Task to complete
Below are the records to transcribe exactly; do not include any images.

Entries taken from a collection:
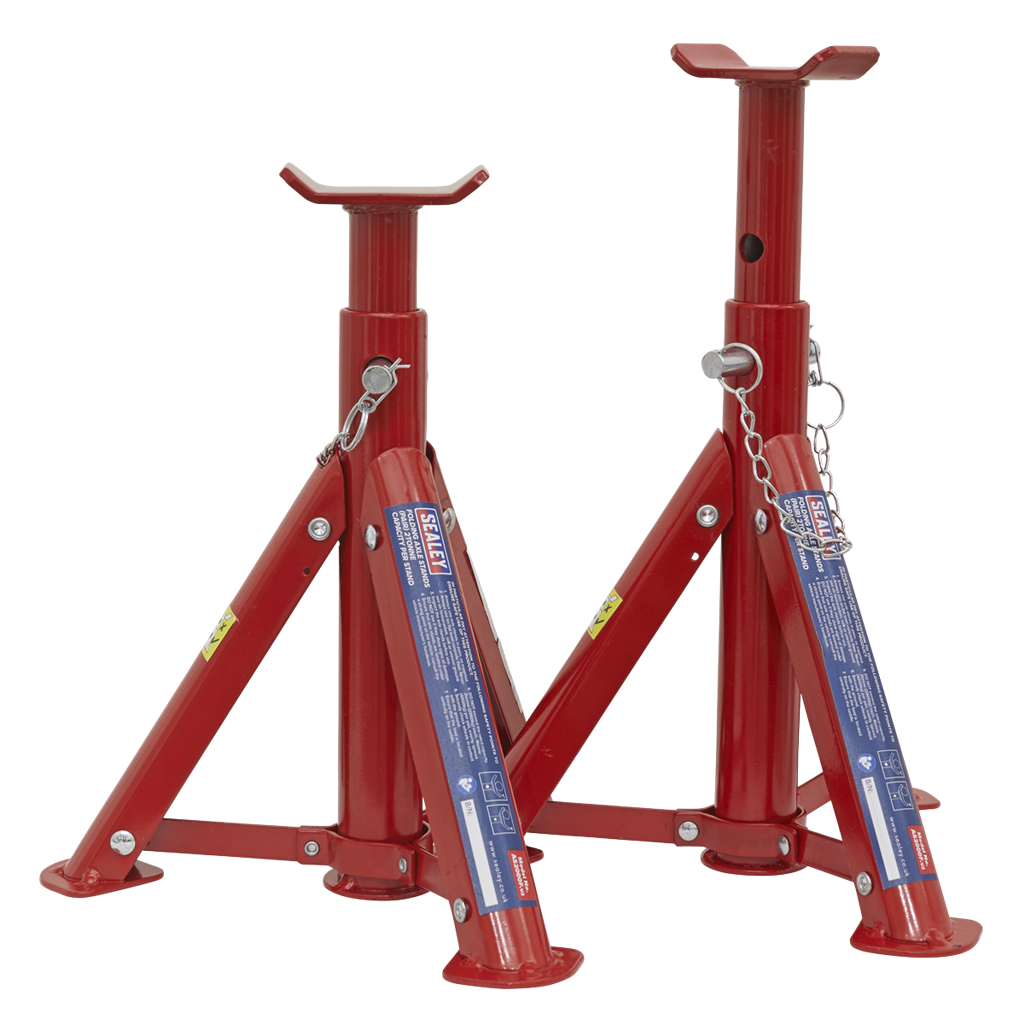 Folding Type Axle Stands (Pair) 2 Tonne Capacity per Stand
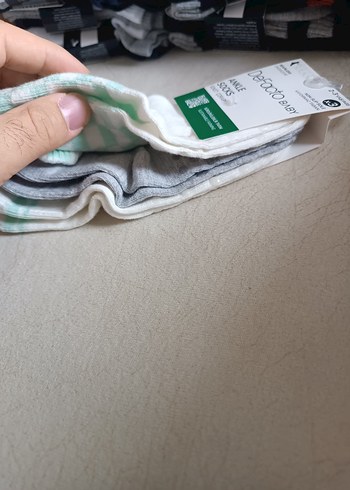 Erkek Çocuk Çok Renkli Desenli Çorap - Görsel 11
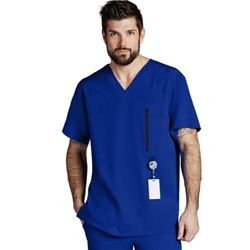 Barco One Male Recycled Scrub Top COBALT small 

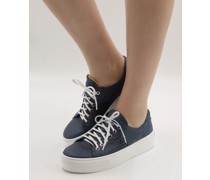 Leder Sneaker  marine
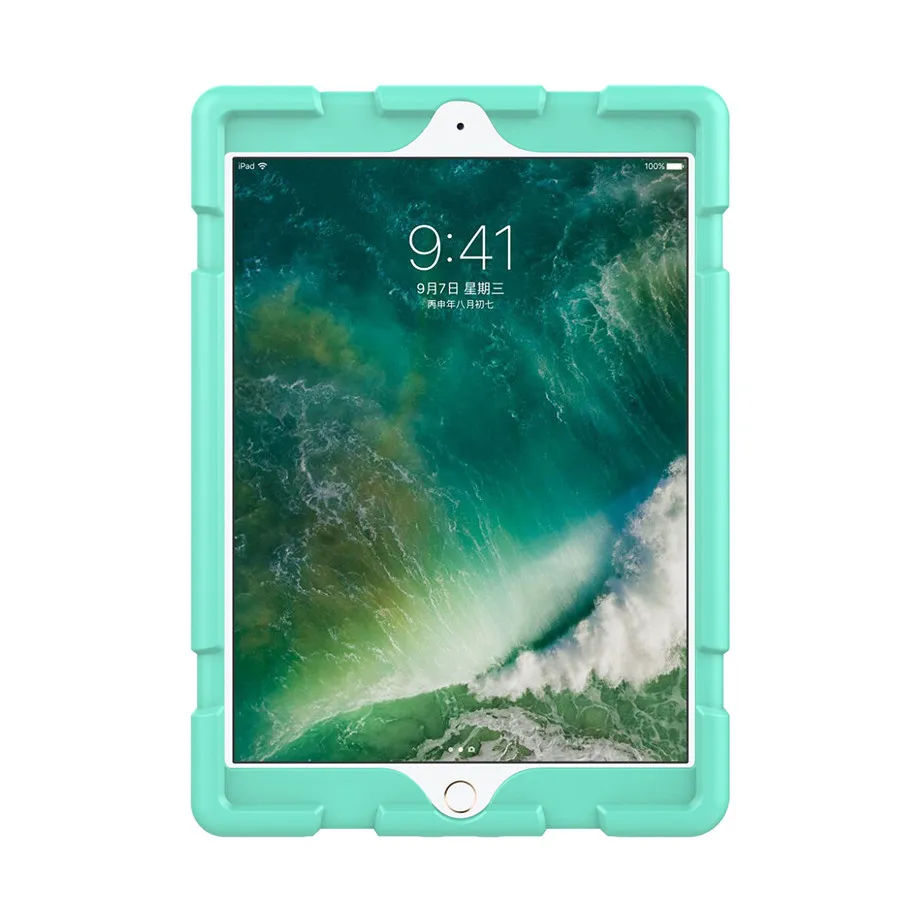 Для Apple New ipad 9 7 &quot(2017 2018) безопасный ударопрочный каучук силиконовый мягкий чехол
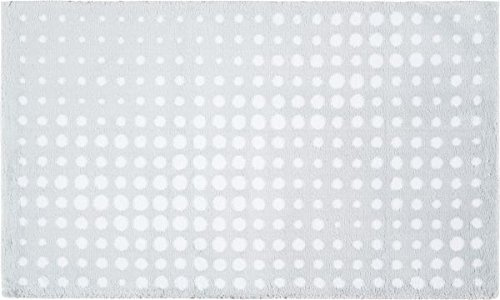Egeria Dot Badematte 70x120 cm, Grau, Weiches Badmatte, Badteppich rutschfest Waschbar, saugfähiges, langlebiges Badezimmerteppich für Komfort und Stil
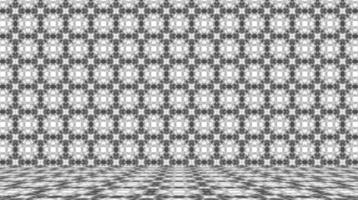 gray room with abstract pattern photo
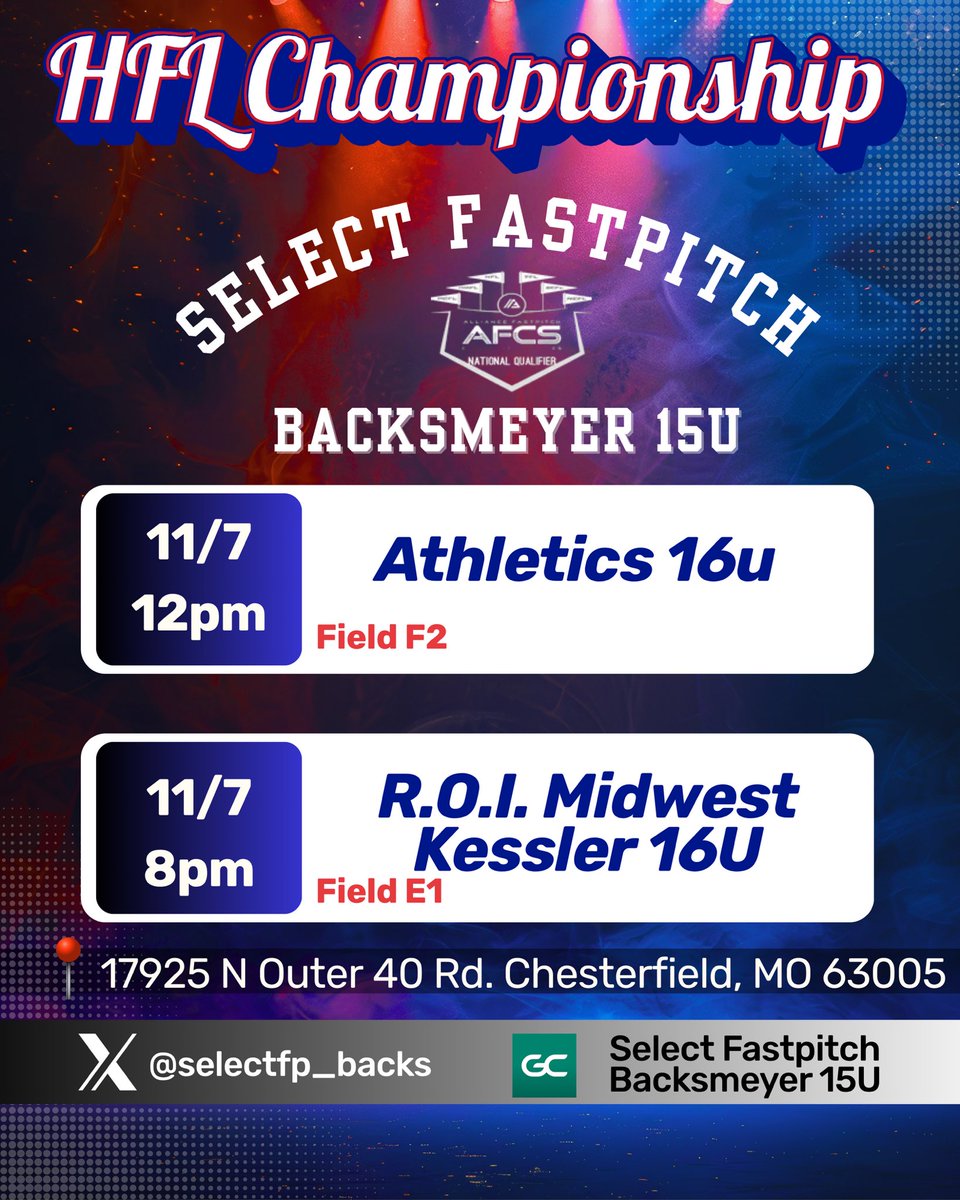 SelectFP_Backs's tweet image. Back at this weekend in Chesterfield, MO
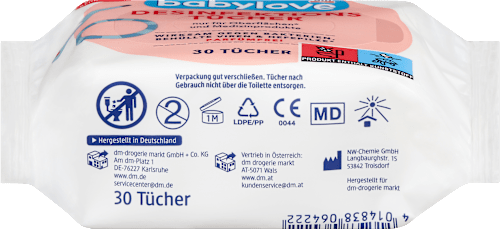 Desinfecterende doekjes, 30 stuks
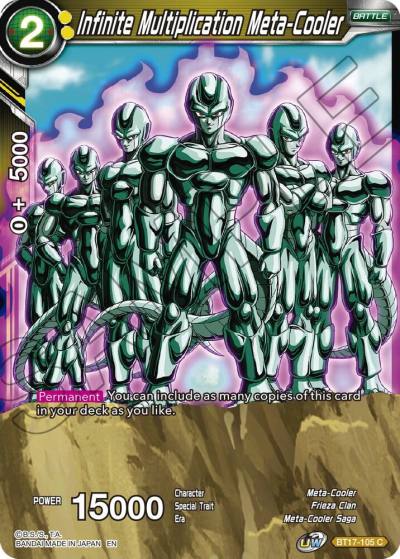 Infinite Multiplication Meta Cooler BT17-105 Ultimate Squad Dragonball Super card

Task output
 Folding Type Axle Stands (Pair) 2 Tonne Capacity per Stand
 Erkek Çocuk Çok Renkli Desenli Çorap - Görsel 11
 Barco One Male Recycled Scrub Top COBALT small 

 Leder Sneaker  marine
 Для Apple New ipad 9 7 &quot(2017 2018) безопасный ударопрочный каучук силиконовый мягкий чехол
Egeria Dot Badematte 70x120 cm, Grau, Weiches Badmatte, Badteppich rutschfest Waschbar, saugfähiges, langlebiges Badezimmerteppich für Komfort und Stil
 gray room with abstract pattern photo
 SelectFP_Backs's tweet image. Back at this weekend in Chesterfield, MO
 Desinfecterende doekjes, 30 stuks
 Infinite Multiplication Meta Cooler BT17-105 Ultimate Squad Dragonball Super card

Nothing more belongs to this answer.